Ever find it hard to forgive yourself? Or asked how to forgive yourself? You are not alone. Forgiveness itself can be a difficult task. Even the band Chicago devoted a whole song about it Hard To Say I’m Sorry. Self-forgiveness can seem impossible and hopeless but when achieved it produces healing and freedom. The inability to forgive yourself can cause some significant issues.
Shame
Shame is the reason why forgiving yourself can seem impossible. Behind shame is a negative core belief of “I am bad.” A negative core belief is something that we believe to be true but is not. Walking around with this belief can lead to feelings of insecurity and behaviors that go along with it.
It can be difficult to recognize when shame is tainting your view, but damaging, nonetheless. Shame says “You don’t deserve forgiveness.” or “You are not worthy of forgiveness.” These thoughts from shame can cause you to feel stuck.
Imagine shame as a dark prison cell – dark because shame festers and grows in darkness. Darkness allows for secrecy so others will not learn the lie that shame has told you (“You are bad.”) Shame festers in this darkness by convincing you “Oh if he/she only knew…” which causes you to feel isolated. The prison cell bars are the lies shame tells you that keep you locked in. Walking aimlessly, desperately searching for a way out of pitch-black darkness.
So how can you overcome shame and free yourself from the dark prison cell? First, we need some light. Humbly ask the Light of the World, Jesus, into your cell (1 John 1:5). Don’t feel hesitant, because the truth is He already knows. Ask Him for His light to overcome the darkness of shame. Ask Him to forgive you.
Next, have you ever felt ashamed of something but after telling a close friend or confidant you felt significantly lighter? That’s because shame was not only locking you up but also weighing you down. So, find a close friend or family member and let them know that you have been struggling with shame over whatever the situation may be.
If this is still proving to be difficult, ask yourself if [insert name of a best friend or loved family member] came to me about this issue, what would I tell them or how would I respond? Likely, you would be compassionate and understanding. Right? Then is it possible that they may respond the same way? Have a conversation.
Negative Self-Talk
Self-talk is exactly what it sounds like – things you say to yourself about yourself. It can be difficult to tune into our self-talk but enlightening once we can do so. When we operate with shame or unforgiveness toward ourselves it is likely to negatively affect our self-talk.
Sometimes, we can be our own bullies. Next time something bad happens, tune into your thoughts. What do you notice? Maybe write them down and if there are any bully remarks challenge them. Are these bully remarks things you would say to your best friend? Likely not.
Ask yourself what you would rather hear at this moment. Challenging negative self-talk can be like building muscle. The more you do it the easier it becomes just like the more you lift weights or exert muscle the easier it gets.

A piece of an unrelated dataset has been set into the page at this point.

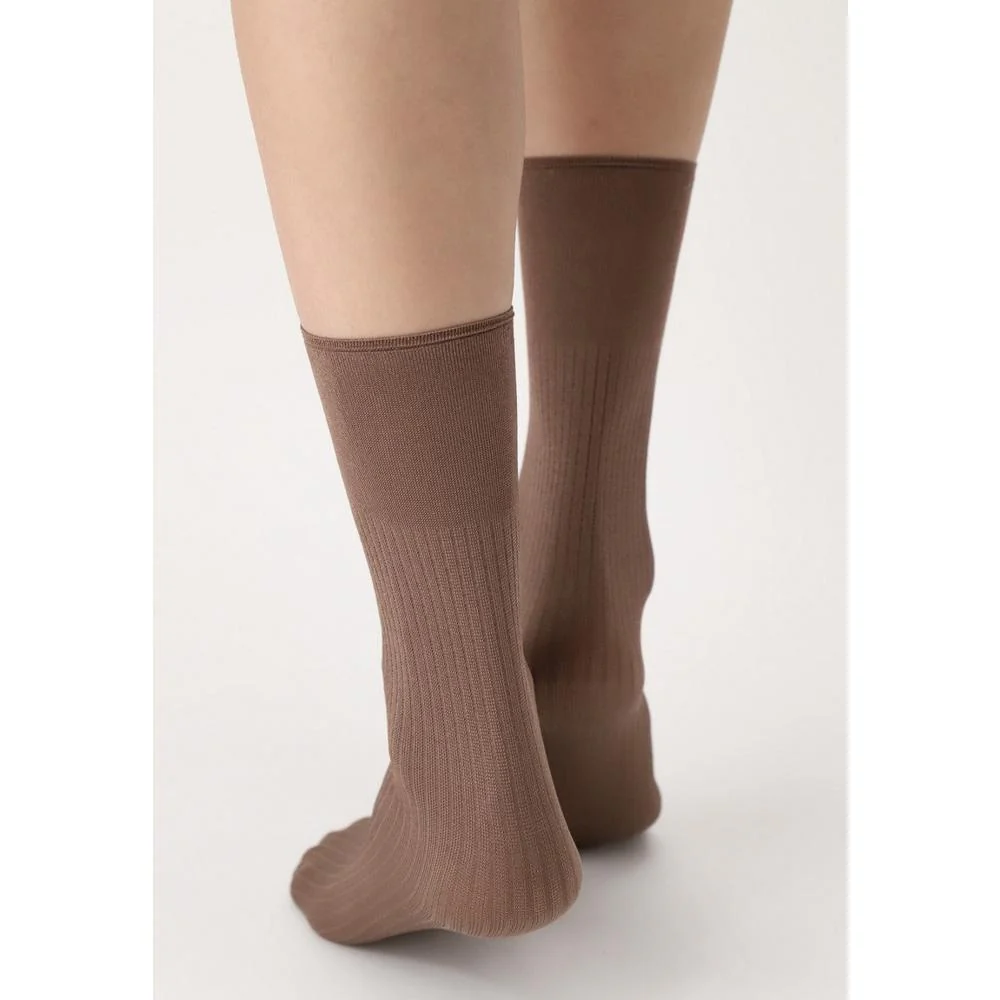 Demi-Bas Bootie Shiny Sok VOBC67018 - Afbeelding 5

So let’s recap, so far we have identified shame and its lies. Next, we asked Jesus for forgiveness and His light. Then we confided in a close friend or family member. We tuned into our self-talk and began challenging any bullying thoughts. But how can you forgive yourself?
A couple of things may stand in the way learning how to forgive yourself
Perhaps it is perfectionism. Perfectionism can exist on a spectrum and can present in various ways. Usually with perfectionism, there are unrealistic expectations or standards that we put on ourselves. The key word here is unrealistic. It can be beneficial to have high expectations or standards but the key to spotting perfectionism is looking at how you respond when these are not met.

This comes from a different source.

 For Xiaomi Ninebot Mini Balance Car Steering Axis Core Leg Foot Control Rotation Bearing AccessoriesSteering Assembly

When these expectations are not met, do you beat yourself up? Do you begin self-criticizing? Do you engage in negative self-talk? Do you externalize and take it out on others? Perhaps becoming angry or blaming others?
Perhaps it is pride. I once heard a pastor discuss forgiving yourself and it helped shift my perspective. If you have asked the Creator of the heavens and earth to forgive you and He no longer remembers your sins – separating them from you “as far as the east is from the west” (Psalm 103:12), then why can you not forgive yourself?
Do you believe yourself to be greater than the Almighty? Or is your judgment greater than what the Almighty says in His Word?
Achieving self-forgiveness can bring many benefits
Become your own team
When you can forgive yourself you can learn from your mistakes and achieve growth. Whereas before self-forgiveness, you were ashamed and did not accept yourself (or at least your full self). Accepting our faults and giving ourselves grace allows for growth potential. It allows for a shift in focus from the thing we are ashamed of to self-improvement.
Think of a team sport such as baseball. Each player has their specific role on the field based on their skill set and strengths. To achieve a win all players must do their part. However, imagine that the pitcher is having a difficult game. Likely, the pitcher will be replaced for the remainder of the game. Now, how the pitcher responds will likely determine how he performs in future games.
If the pitcher operates in shame or does not forgive himself for having an off game, this can elicit negative self-talk and negative self-beliefs which will likely hurt his performance at the next game. If you have played sports I’m sure you are well aware that there is a huge psychological element to it. If you become self-critical and get down on yourself it will likely cause you to perform the way you think of yourself.
If the same pitcher with the same bad game looks at the game as just an off day allowing grace for himself to have an off game then he is likely to let the bad performance go and focus on how to improve for the next game.
Using the same analogy, imagine you are the entire team. There may be some games you lose and can identify that the pitcher had an off game. However, even with the loss it is possible that your first baseman had the game of his life. So acknowledging the successes along with areas of improvement can be helpful. Christ tells us in 2 Corinthians 12:9, “…My grace is sufficient for you, for my power is made perfect in weakness.”
Forgiving yourself so you can forgive others (Forgive others as Christ forgave you)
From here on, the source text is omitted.